Since the SEC’s take-over panel was created in 2003, over 50 cases requiring the buyers to tender for the target companies’ subsidiaries have been submitted to the panel, said the expert who spoke on condition of anonymity.
Not one case was approved and several buyers scrapped the deals as a result, he said.
The SEC is in the hot seat following the decision, which helps Temasek pay less to complete the acquisition as well as avoid a public backlash. Shin subsidiaries ShinSat and iTV, which both operate by concession, could be considered national assets that should not fall into foreign hands.
The watchdog was criticised for not pressing Shin to disclose more information while rumours swirled about a possible deal with Temasek.
The Stock Exchange of Thailand is in a similar position. Despite the likelihood that the deal was to be signed on Monday, it waited until 11am – an hour after the opening bell – before halting trading in shares of Shin and its listed companies.
Chalee Chantanayingyong, senior secretary-general of the SEC, defended the rulings, saying the Temasek-Shin deal is the first take-over case to fall under the “chain principle” category, which holds that in taking control of one listed company the buyer needs to tender for other listed companies.
Prior to the deal’s announcement, analysts estimated that Temasek would need to cough up US$7 billion (Bt275 billion) to buy out Shin and tender for its subsidiaries. However, the SEC granted an exception to Temasek, which now wants to make a tender offer for Advanced Info Service only.
“This is non-discriminatory. We’re really concerned about this as it concerns a company related to Prime Minister Thaksin Shinawatra. We needed to be sure that we proceeded on this with transparency and prudence. Making the resolution [involves] not only the SEC, but also the take-over panel,” Chalee said.
The panel of outside experts has the right to cross-examine the SEC on any resolution involving-share acquisition deals, he said.
Heading the panel now is Sompol Kiatphaibool, chairman of Siam City Bank and former permanent secretary of the Commerce Ministry.
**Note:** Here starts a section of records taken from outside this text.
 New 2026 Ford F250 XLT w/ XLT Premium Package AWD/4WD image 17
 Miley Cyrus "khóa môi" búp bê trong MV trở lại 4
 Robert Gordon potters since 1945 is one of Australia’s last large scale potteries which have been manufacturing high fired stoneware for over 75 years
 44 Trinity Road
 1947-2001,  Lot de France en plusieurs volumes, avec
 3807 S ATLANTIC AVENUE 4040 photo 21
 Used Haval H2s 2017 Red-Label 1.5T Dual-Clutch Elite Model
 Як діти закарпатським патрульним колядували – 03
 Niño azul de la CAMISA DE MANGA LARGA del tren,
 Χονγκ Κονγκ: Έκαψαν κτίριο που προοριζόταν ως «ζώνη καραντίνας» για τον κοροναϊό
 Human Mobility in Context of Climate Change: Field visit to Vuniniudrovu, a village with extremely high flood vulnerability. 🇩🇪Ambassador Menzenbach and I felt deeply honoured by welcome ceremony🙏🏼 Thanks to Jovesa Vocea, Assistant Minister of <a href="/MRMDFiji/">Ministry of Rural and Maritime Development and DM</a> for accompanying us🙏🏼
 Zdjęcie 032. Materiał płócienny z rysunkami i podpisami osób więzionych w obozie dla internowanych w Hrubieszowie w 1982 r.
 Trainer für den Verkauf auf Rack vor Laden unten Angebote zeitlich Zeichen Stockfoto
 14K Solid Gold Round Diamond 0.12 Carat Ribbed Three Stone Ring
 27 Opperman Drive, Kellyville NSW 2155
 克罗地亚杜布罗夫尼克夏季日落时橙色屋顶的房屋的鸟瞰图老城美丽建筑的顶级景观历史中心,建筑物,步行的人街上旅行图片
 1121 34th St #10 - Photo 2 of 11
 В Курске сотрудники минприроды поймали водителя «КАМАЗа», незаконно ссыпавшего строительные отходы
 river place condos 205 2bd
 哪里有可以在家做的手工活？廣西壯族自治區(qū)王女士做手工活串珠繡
Chalee insisted that the SEC’s resolution was consistent with the principles exercised by international markets. The panel based its decision on sales, net profit, total assets and market capitalisation of the subsidiaries. If the figures account for 50 per cent of those of the parent company, then tender offers are compulsory.
“The four factors of ShinSat and iTV account for only 5-18 per cent of Shin. So the tender offer could be waived,” he said, asserting that the 50-per-cent benchmark was first mentioned when the panel considered the Temasek-Shin deal.
The SEC also could not convince Temasek to propose a higher price for AIS shares, as the buyer insisted it was acquiring Shin, not AIS. Thus, the AIS tender price has to take into account the purchase price offered for Shin.
“We asked the Hong Kong exchange and it was confirmed that the tender for subsidiaries’ shares could be based on the purchase price for the parent company, instead of the market price. We had to give in,” Chalee said.